03 September 2011

Higher Education in Developing Countries

I volunteered in Kampala in the summer of 2006, and to save money stayed in the mostly empty student halls at Makerere University. I thought I would drop in at the library, and was pretty shocked to find almost no books that looked like they had been published since 1980.

Are universities good candidates for foreign aid? Blattman thinks so;
Universities will train the next generation of Presidents, bureaucrats, generals and business leaders. 
You want industry? Institutions? Accountability? Technological diffusion? Peace? Time for donors to rethink education spending policies in a big way.
Those are some pretty big claims. In a different context, Clemens argues that actually we are lacking solid evidence on the social benefits from higher education;
A broad theoretical literature posits that human capital externalities shape the development of poor countries (for example, Romer, 1990; Kremer, 1993; Lucas, 1988). If positive human capital externalities are real and large, it is possible that the depletion of human capital stock via emigration inflicts negative externalities on nonmigrants. However, these externalities have proven difficult to observe, their theoretical basis remains unclear, and their use to justify policy remains shaky.
I feel that higher education is probably a high risk high reward investment for the public sector. Most graduates probably won't produce large social benefits, but the few that do could well justify the expense. And this pattern of high impact outliers make this a difficult cost-benefit calculation to do.
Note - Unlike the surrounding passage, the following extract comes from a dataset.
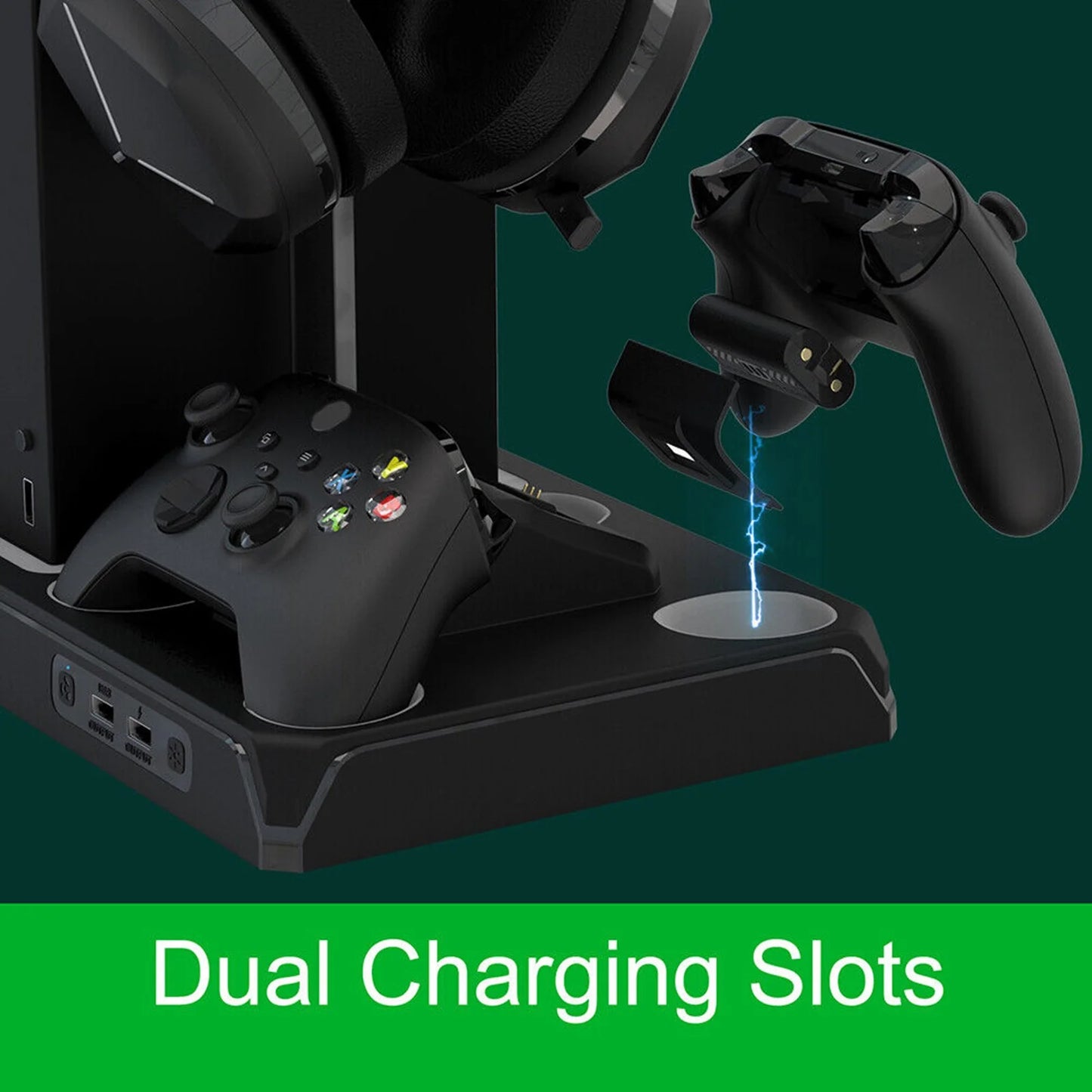 Vertical Charging Sizetand with Cooling Fan for Xbox Sizeeries X/Size, Cooling Sizetation Dock with 12 Games Sizetorage Organizer, Dual Controller Charger Sizetation & Headphone Holder with 2 X 1400 mAh Battery Packs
But will more investment work?

Devarajan points the finger at systems rather than funds;
As my co-authors and I try to show in our paper, the problem is caused at least as much by the presumption that higher education should be financed and provided by the government (essentially free of charge), which has led to elite capture and politicization of the system.
Which is similar to where Pritchett is going when he wonders;
The US and UK together have only 5.4 percent of the world’s population and yet have over half the world’s top universities—ten times their population share—and almost three times as many top universities as all of continental Europe combined.  Why?
So there is probably scope for some technical assistance in thinking about the higher ed ecosystem in developing countries.

But should we provide direct subsidies? How do we trade off investment in primary education, which is probably more directly and immediately pro-poor, vs the long-term speculative investment in higher education?

Meanwhile, students at Makerere have been booted out of halls whilst lecturers are on strike.

5 comments:

Udadisi said...

Are there some successful examples of models or universities in Africa besides Ashesi University in Ghana? 

Christina Feng said...

I am up for primary education. With limited fund, which is always true, we have to prioritize the options, and primary education is more fundamental. High education requires a lot investment that most LDGs don't have: fund, faculty, technology, libraries… Besides, higher education should also matches the pace of economic development, otherwise it will only create well-educated young people without a decent job.